Multimodal Transformers (But Not That Kind of Transformer)

Multimodal Blog

Mention ‘multimodal transformer’ to any 6-year-old and you might just trigger impassioned comments about devious Decepticons. But there is another kind of multimodal transformer. And this kind of transformer is of keen interest to SineWave because it creates AI functions that are changing the way we process and add value to information – whether in the enterprise, industrial, consumer, or federal domains.

Transforming AI Through Language Processing 

In June 2017, researchers at Google published a paper “Attention is All You Need.” The paper described a new approach to language translation. It reformulated an older concept called self-attention, which refers to the weighting of words and the importance that they give to each other within a sentence or paragraph.

In the paper, self-attention was combined with a way to encode the position within a sentence of the same words so that the importance of a word could be combined with its location within the text. This new approach performed exceptionally well in standardized language translation tasks. Further, it was efficiently trainable and could be computationally parallelized. This meant that modern Nvidia, AMD, ARM, or Intel processors – each of which has multiple central processing units (CPUs) on-chip and can operate in parallel – could all happily crunch away at the same time. This radically accelerated training computation and allowed the creation of very large language models or LLMs. A “transformer” was what the Google researchers named this new machine learning architecture.

And transform it did. In fact, it transformed the whole of AI. New and superior large language models followed. These included Google’s esoterically named Bidirectional Encoder Representations from Transformers or BERT algorithm (no relation to the Sesame Street character) and Facebook’s RoBERTa.

A further explosion of proprietary and open-source architectural evolution followed, the most familiar of which are Open AI’s GPT-4 and ChatGPT models. And despite some intense innovation, at their core, all these models – and the new businesses that accompanied them – were powered by transformers.

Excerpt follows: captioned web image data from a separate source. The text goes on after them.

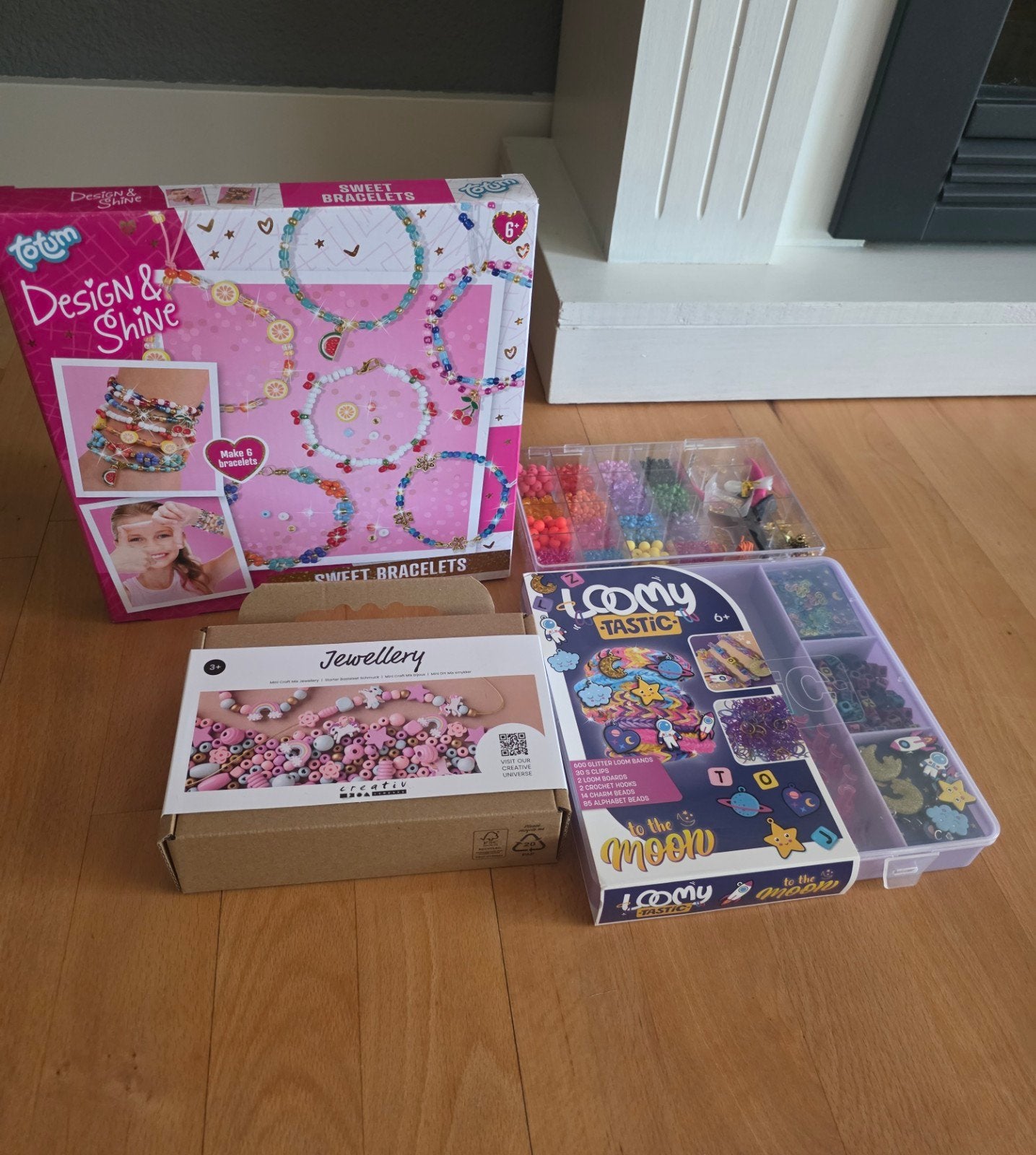 Leuke kinder dingen, Hobby en Vrije tijd, Denksport en Puzzels, Zo goed als nieuw, Legpuzzel, Minder dan 500 stukjes, Ophalen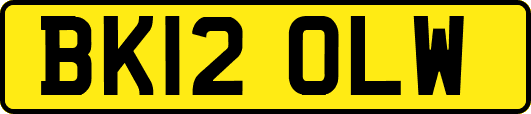 BK12OLW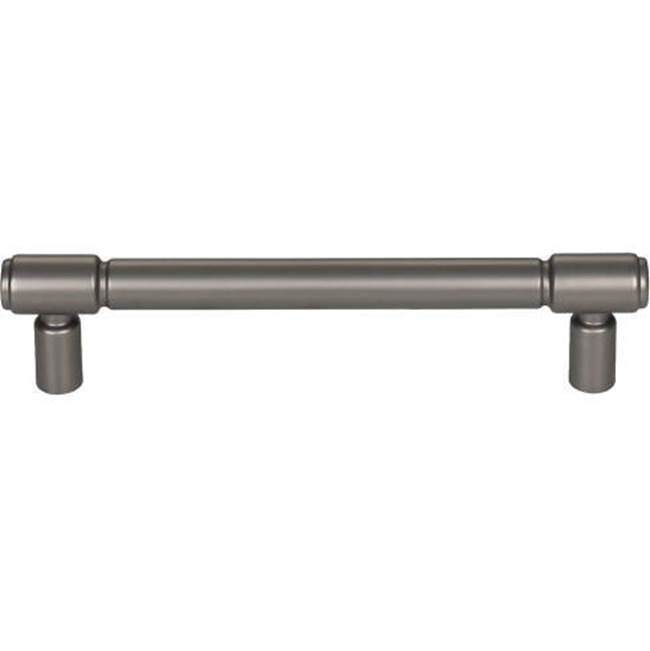 Top Knobs - Clarence Pull 5 1/16 Inch (c-c) Ash Gray - Ash Gray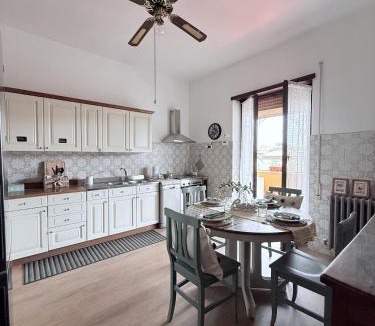 Torre Angela Apartment | Biancal'aura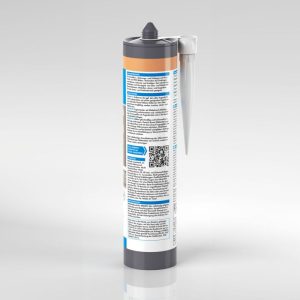 Knauf Boden u. Fenster Silikon buche 300ml Knauf Boden u. Fenster Silikon buche 300ml
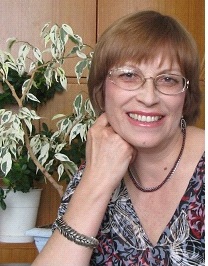 Speaker for Plant Science Conferences - Svetlana Nesterova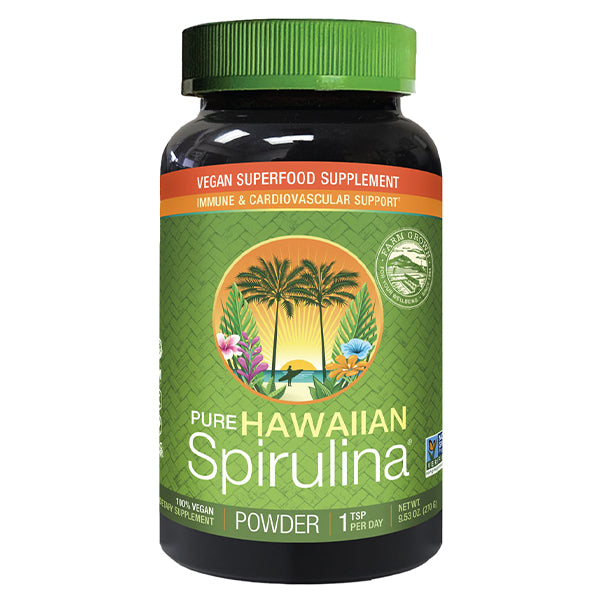 Nutrex Hawaii Spirulina Powder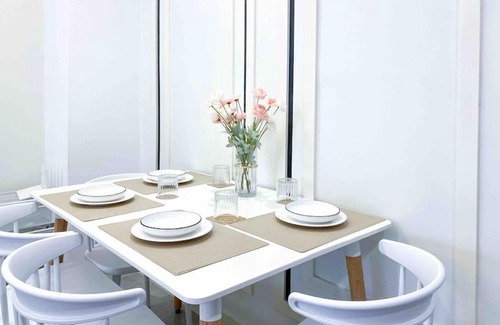 Taman Melaka Raya Apartment | Imperio Suites With Games & Bathtub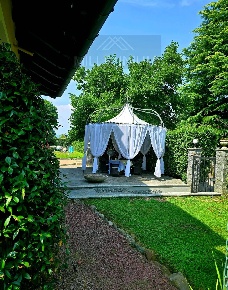 Foto Villa singola a Arona Centro di 296 m² con 7 locali in vendita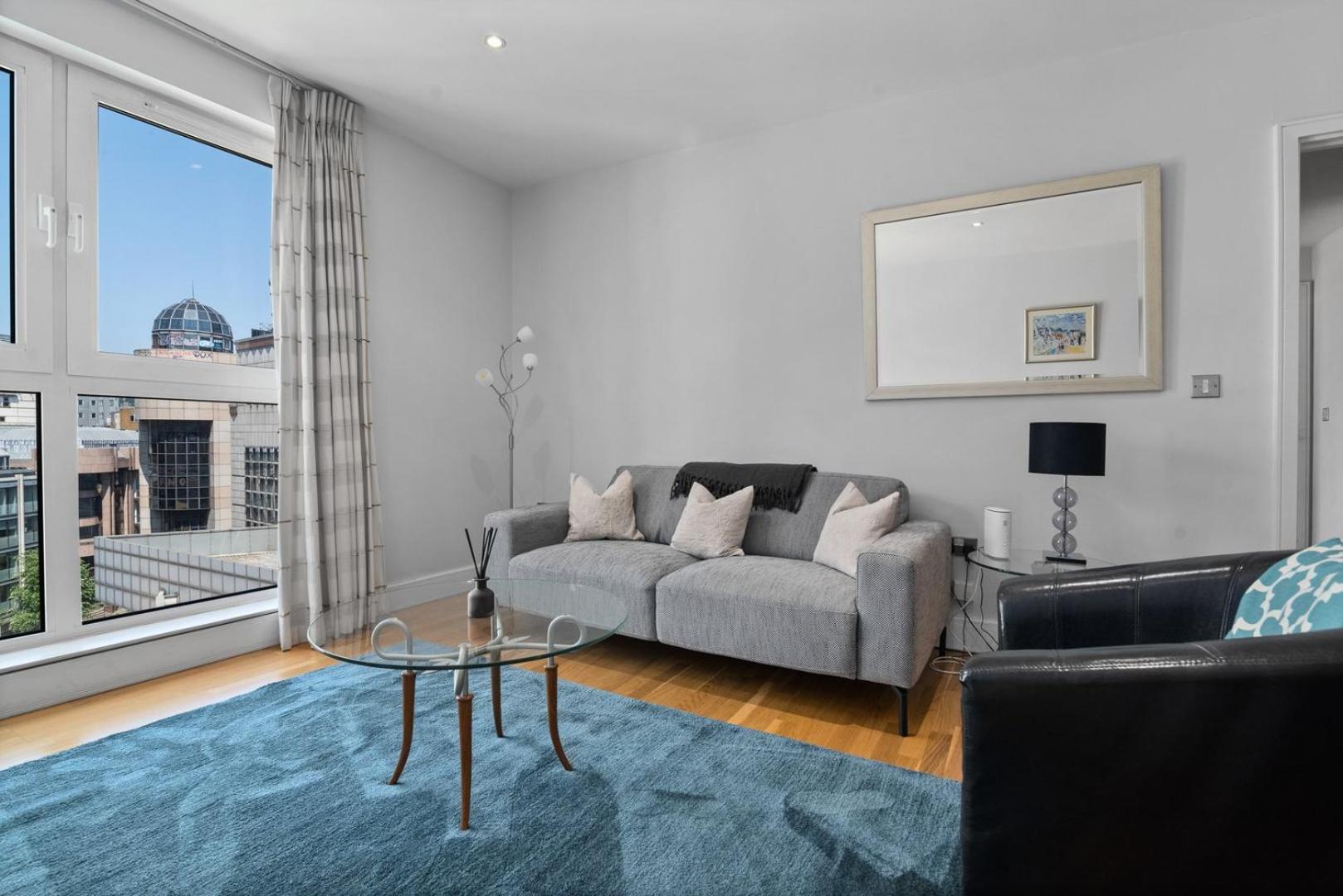 Guestready - City Escape In Tower Hill Apartment London Exterior photo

Around 2019-20, however, researchers began to look at the structure of transformers in a different way. They noticed that transformers performed exceptionally well when presented with a sequence of words (in fact, they usually operate on chunks of words, but we can leave that to another blog). They are therefore token processors.

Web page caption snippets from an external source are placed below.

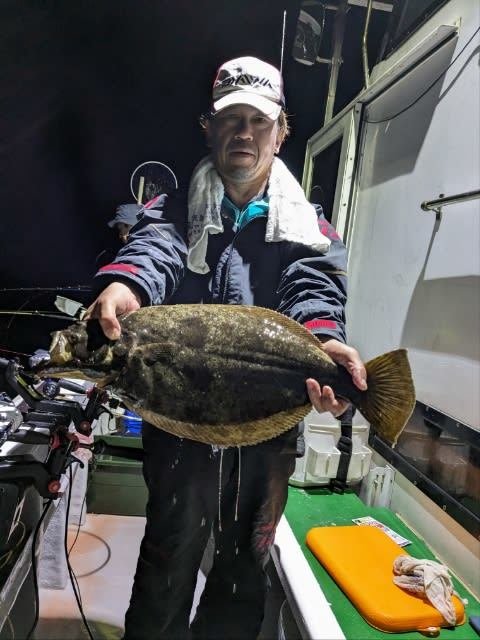 ヒラメ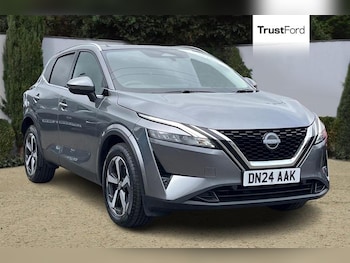 Nissan Qashqai feature image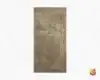 فرش کناره وینتیج 3050 کرم سبز - Image 2
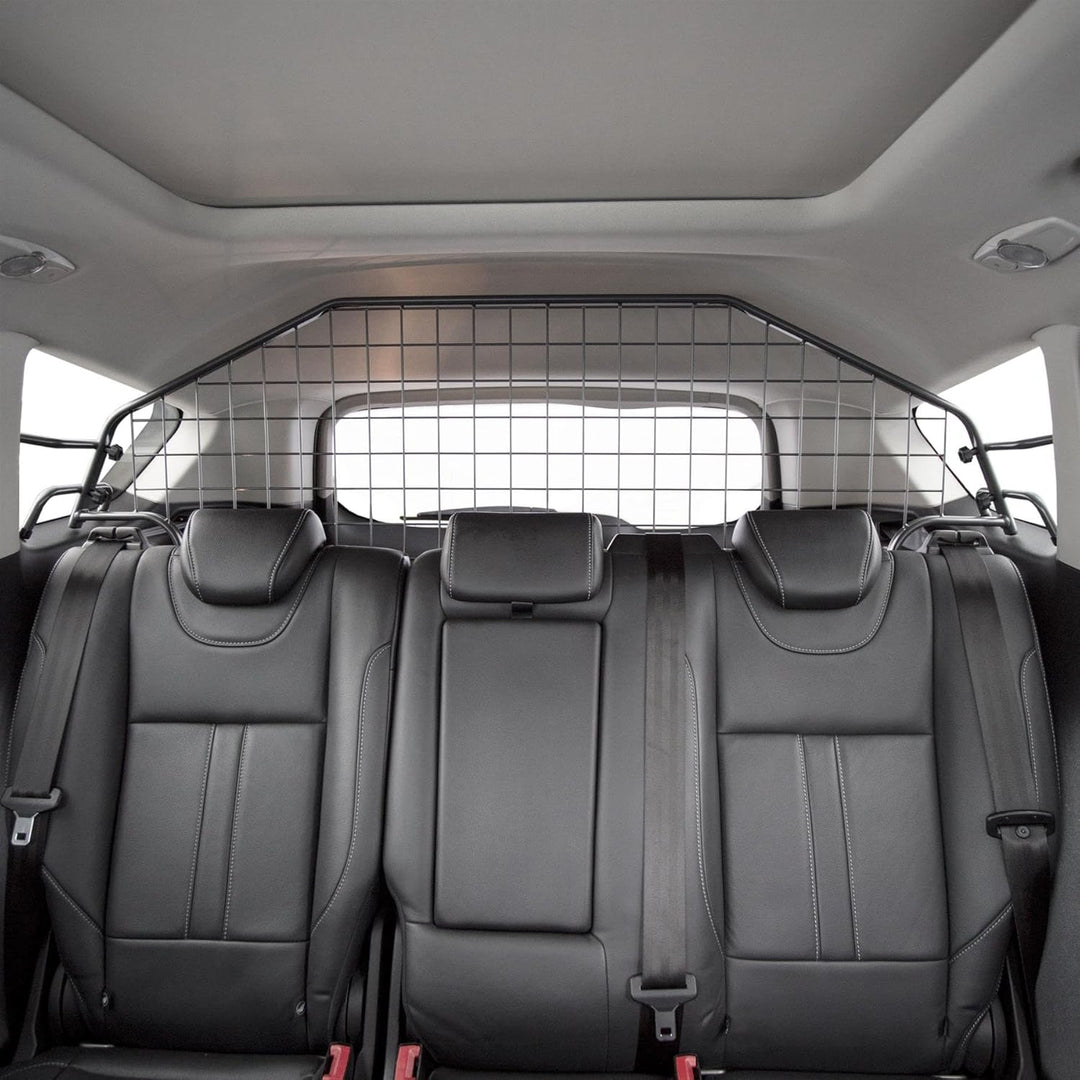 Travall Guard Hundegitter Kompatibel Mit Ford Kuga (2013-2019) TDG1411 - Massgeschneidertes Trenngit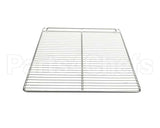 340-35341-00 Traulsen Shelf Chrome Plated 20 7/8 X 1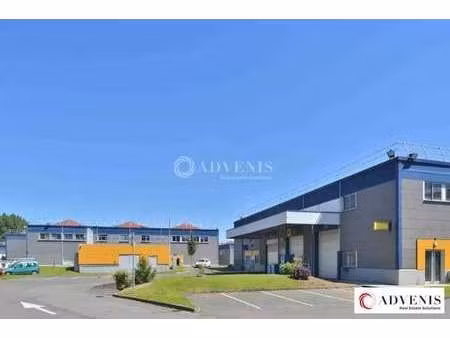 location entrepôt 576 m² à 4 464 m²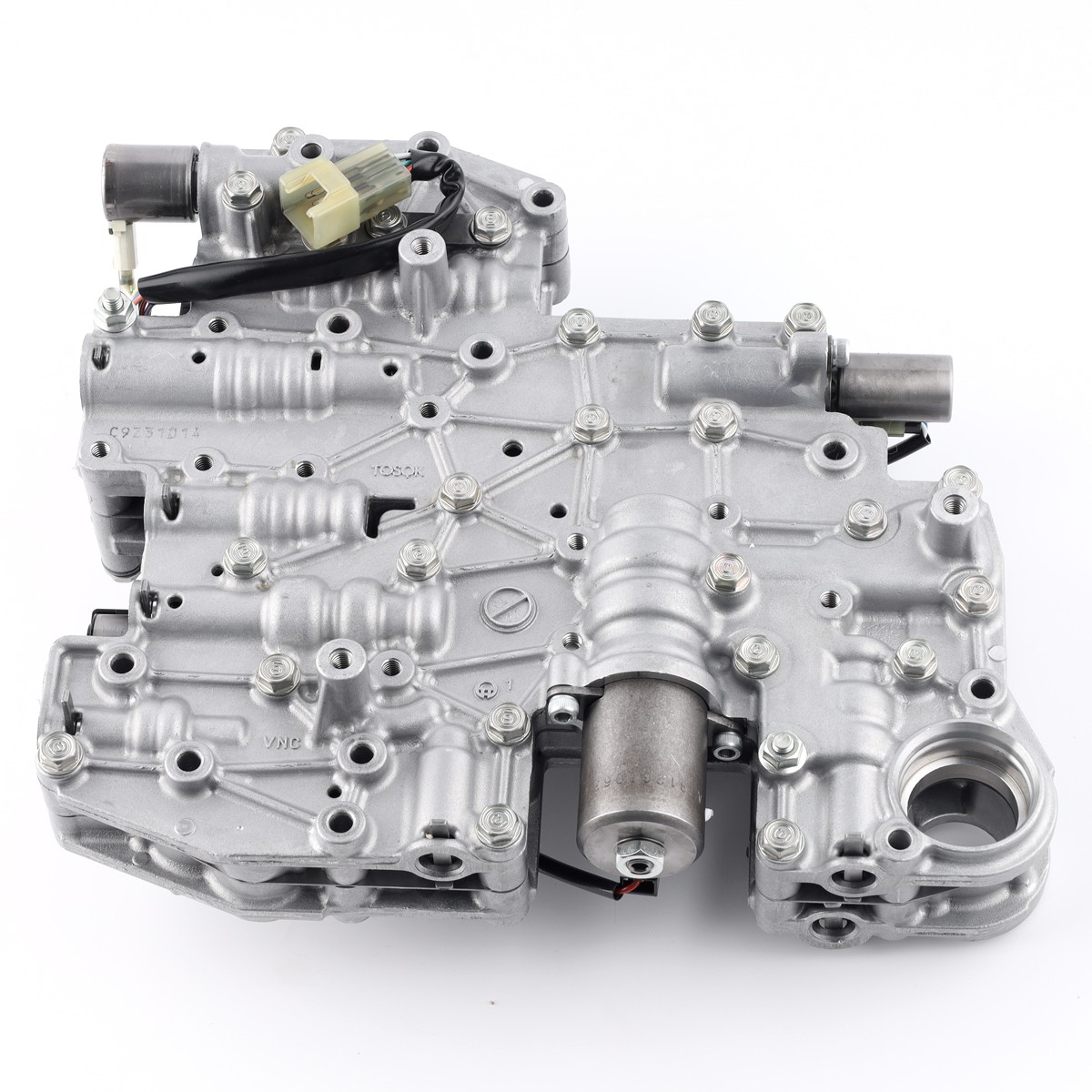 For 2010-2013 Subaru Legacy Outback 2.5L CVT TR690 Transmission Valve Body US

But what if the tokens were not words but chunks of an image? Technical papers such as Google’s “An Image is Worth 16×16 Words: Transformers for Image Recognition at Scale” followed. Here, 256×256 pixel images were decomposed into 256 chunks, or tokens, each 16×16 pixels, and then processed with a transformer. The result was a breakthrough performance in all sorts of image process tasks including image classification, image super-resolution, image de-blurring, and so on.

AI researchers working in audio and acoustics were paying close attention. For many years, acoustics researchers viewed recorded speech and music as images, more specifically, spectrograms. Spectrograms are constructed from an audio record using the short-time Fourier transform (STFT) to create an image in time and frequency from the original amplitude-time acoustic waveform. Since spectrograms are images, any acoustic record could be tokenized and fed into a transformer. Many such implementations resulted, including the Audio Spectrogram Transformer (AST), and a new and high-performing cadre of speech-text (transcription) or speech-speech (e.g., audio language translation) tools followed.

The Business Case for Multimodal Transformers

From there it was only natural to build transformers that could handle more than one mode at a time, and that’s exactly what happened in 2022-2023. Researchers – and several commercial implementations – built transformers that jointly processed text and image tokens at the same time. Some then found highly computationally efficient ways to combine text, images, and audio. This was important, since the computational complexity of a simple transformer algorithm scales with the square of the number of words, or image chunks, being processed. Big computational loads can grow very quickly, which resulted in the fusion of more and more sensor modes into transformers.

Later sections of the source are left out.